Polega na pobudzaniu komórek organizmu do efektywnego wysiłku, dzięki użyciu środków farmaceutycznych. Pozwala na uzyskanie korzystnych wyników w różnych dyscyplinach sportowych.

Stosowanie dopingu jest prawnie zabronione, nie stanowi to jednak wystarczającej metody odstraszającej. Wielu sportowców zażywa te środki, mimo nakładania kar sportowych i prowadzenia badań kontrolnych tuż przed zawodami.

Należy także pamiętać o tym, że nie wszystkie leki zakazane w sporcie są zakazane w leczeniu chorób na co dzień. Są to przeważnie leki wydawane z przepisu lekarzy bez łamania prawa. Nie ma takich metod prawnych, które postawiłyby granicę między powszechnie dostępnymi środkami, a środkami dopingującymi.

To ci najbardziej znani sportowcy przyczyniają się do tego, że ci mniej znani (a nawet sportowcy - amatorzy) sięgają po doping, chcąc dorównać tym najlepszym. Dążą do osiągnięcia doskonałości fizycznej. Mistrzowie stanowią swoisty wzór do naśladowania. Problem ten może dotknąć każdego człowieka. Jeśli nawet on sam nie stosuje farmaceutyków polepszających sprawność fizyczną, to może mieć w swoim otoczeniu taką osobę, czy osoby.

Z drugiej strony, każdy ma prawo wyboru musi się tylko liczyć z konsekwencjami swojego postępowania. Każdy ma prawo do wolności osobistej. Jednak jego wybory przekładają się na wybory innych często bardzo młodych ludzi.

Doping to nie tylko kwestia regulacji prawnych, to także problem zdrowia ludzi stosujących te środki farmaceutyczne. Sportowcy są często gotowi przedłożyć rozwój kariery nad własne zdrowie. Długotrwałe stosowanie medykamentów bez kontroli lekarza ma bardzo poważne konsekwencje dla organizmu.

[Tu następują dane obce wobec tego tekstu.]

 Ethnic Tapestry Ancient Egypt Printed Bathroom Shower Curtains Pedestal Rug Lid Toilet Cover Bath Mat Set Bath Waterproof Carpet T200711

Trudno powiedzieć czy doping jest rzeczą złą. Skoro istnieją środki polepszające sprawność (i ich zdobycie nie jest nielegalne) to zawsze znajdą się osoby, które po nie sięgną. Wówczas nie myślą o skutkach długofalowych dla swojego zdrowia ani jaki dają przykład innym. Chęć sztucznego pokonywania kolejnych granic sprawnościowych bywa silniejsza. Myślenie zdroworozsądkowe schodzi na dalszy plan. Prawdopodobnie z dopingiem jest jak z uzależnieniem od innych używek, sięgając po nie ciężko jest się już od nich uwolnić.